How Is Money Created? Part II

In Part I of this article, we looked at some of the prevailing confusions and contradictions within the money creation concept. We also determined that understanding commercial bank money creation will, in essence, satisfy our goal of understanding how new money is created into the economy. 

In order to determine how bank money is created, let’s first look at how banks lend funds to borrowers. There are several conflicting ways of describing what banks do, specifically, how they make loans. Ordinary folks, as well as many bankers and economists, think banks make loans from the deposits they collect from other clients. In other words, most of us think banks collect deposits, and then when someone asks for a loan, banks take the collected deposit and lend it to the borrower at interest. As logical and commonsensical as it may sound, this is not true. 

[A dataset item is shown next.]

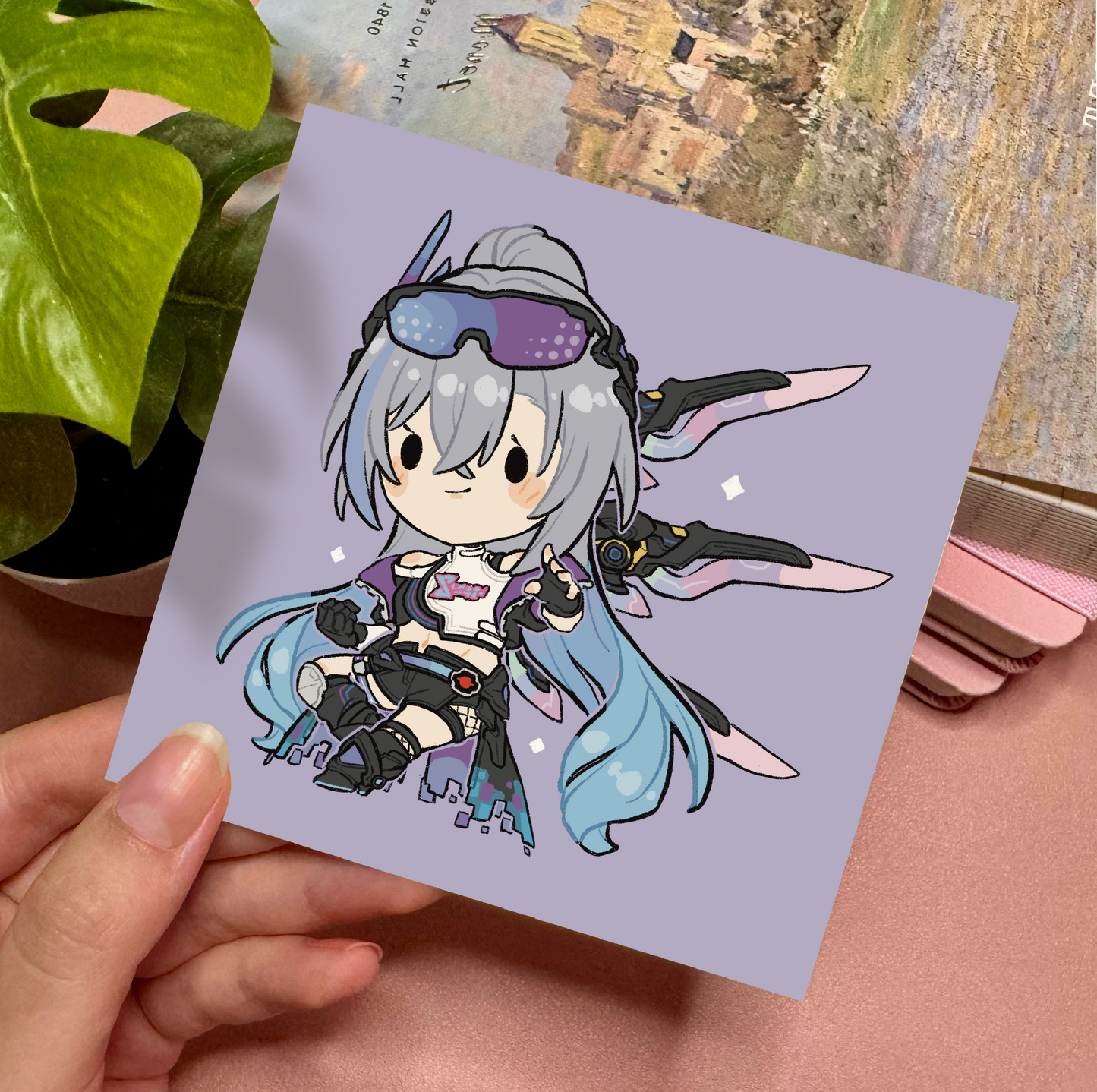 Silver Wolf LV.999 Mini Print
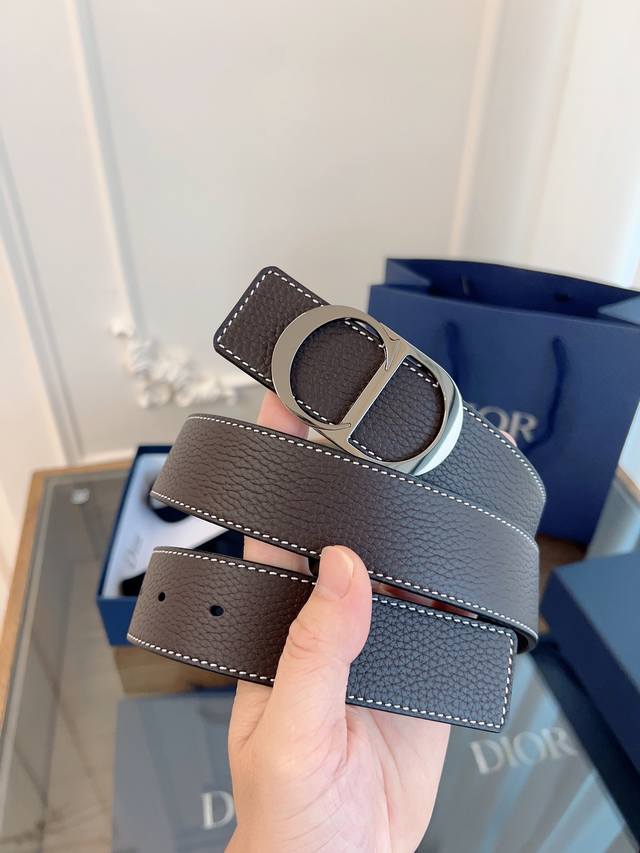 Dior Dior enhanced version French original leather, coffee black full leather qu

Nevertheless, it’s perplexing that even superstar economists like former Fed chairman Ben Bernanke profess this myth to be true. In his article titled Credit in the Macroeconomy, published in the Federal Reserve Bank of New York’s Quarterly Review for Spring 93, Bernanke uses the term ‘credit creation’ quite often and explains that this concept is defined as “the process by which saving is channeled to alternative uses”, i.e. financial intermediation of savers’ deposits into loans. This assertion by Bernanke is wrong; knowingly or unknowingly, Bernanke here is stating a falsehood.

And how do we know Bernanke is stating a falsehood? Well, we don’t have to look too far to see he’s not telling the truth here. Let’s revisit the Bank of England’s website. If we pose our original question: how is money created? on the BoE website, right at the very top of the page that shows up, it says:

“Most of the money in the economy is created by banks when they provide loans.”

It goes on to say further:

“If you borrow £100 from the bank, and it credits your account with the amount, ‘new money’ has been created. It didn’t exist until it was credited to your account.”

This, they say in plain english. Rendering what Bernanke wrote about savings being channeled to facilitate loans, categorically false.

And if you’re wondering maybe it’s just a British thing, maybe it’s different in the U.S. – well, wonder no more. A 1961 publication by Federal Reserve Bank of Chicago titled Modern Money Mechanics, written by Dorothy M. Nichols, states, under the section titled Who Creates Money?: 

“The actual process of money creation takes place primarily in banks.”

And then it goes on to say,

“Transaction deposits are the modem counterpart of banknotes. It was a small step from printing notes to making book entries crediting deposits of borrowers, which the borrowers in turn could “spend” by writing checks, thereby “printing” their own money.”

So, what the heck is going on? Why – when central banks state in plain language that commercial banks create money out of nothing by making loans – economists with the highest accolade strenuously perpetuate the spurious pre-existing loan money theory that says: loans are made using existing deposits? Why do giants of economics like John Maynard Keynes call anyone who proposes that banks create money out of thin air, a ‘monetary crank’? 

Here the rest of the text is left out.